Çünkü her iki isim de o fotoğraf karesindeki çarpıklığı sezecek denli sağduyu sahibidir.

Tıp dünyası bir büyük başarıya imza attı.
19 yaşındaki bir gence yüz nakli gerçekleşti.
Bu başarının hakkı yeterince verildi.
Ameliyatı gerçekleştiren doktorlar takdir edildi, manşetler bu haberle süslendi, tıp dünyası alkış üzerine alkış aldı.
Ancak...
Her zaman olduğu gibi yine kıvam kaçtı.

İş artık bir tıp başarısının nesnesi olan genç adamı, “fil adam” gibi teşhir etme noktasına kadar geldi.
Ve bu açıdan olay müstehcenlik sınırlarını zorlamaya başladı.
“Yüz nakli” ile sağlığına kavuşan genç adamın, teşhirden doğacak zararları düşünememesi normaldir.
Medya ise bu tür konularda fazlasıyla düşüncesiz ve agresif...
Peki ya doktorlar?
Onlara ne oluyor?
19 yaşındaki bir genci teşhir etmeye doyamamalar, başarının tatlı kokusunu daha fazla almak için abartmalar, hastayı kullanmak için abanmalar falan...
Unutulmasın:
Tıp adamlarının görevi hastalarının sadece fiziki sağlığını korumak değildir, hastaların onur ve haysiyeti de onlara emanettir.

CHP Milletvekili Nur Serter’in adı ATV’nin bir dizisinde kadın satıcısı tipine verilmiş.
Tepki büyük.
Tepki gösterenlerden biri de AK Parti Genel Başkan Yardımcısı Ömer Çelik.
Ömer Çelik, Twitter’da lafı hiç eğip bükmeden şunları yazdı:

“CHP milletvekili Nur Serter’in isminin bir dizide o şekilde kullanılması utanç vericidir.
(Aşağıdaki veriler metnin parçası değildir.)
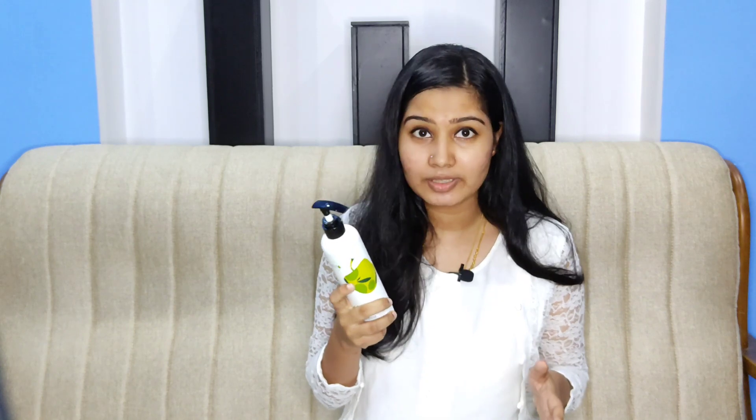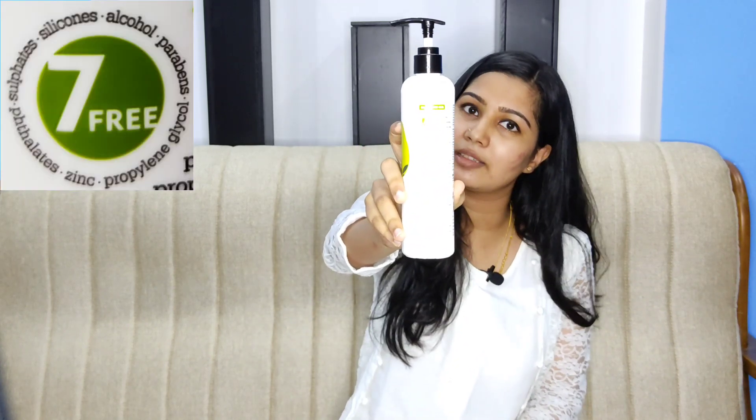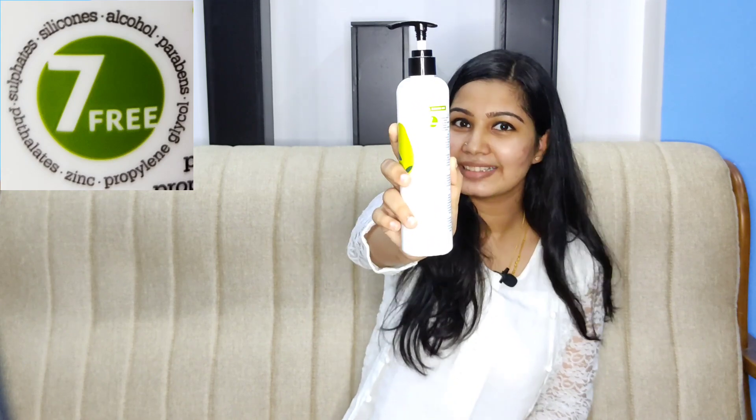What are those 7 harmful chemicals? Sulphide, Paraben, Zinc, Alcohol, Propylene Glycol, Silicones, and Parabens.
Ayıptır. Serter’den çok güçlü özür dilenmelidir. Nur Serter’e bu hakareti yapanlar, açık, dolaysız ve güçlü şekilde özür dilemelidirler. İnsanların, bilhassa kadınların şahsiyetlerine saldırmak, polemik konusu yapmak, hakaret etmek hiçbir şekilde mazur gösterilemez. Ayıptır”.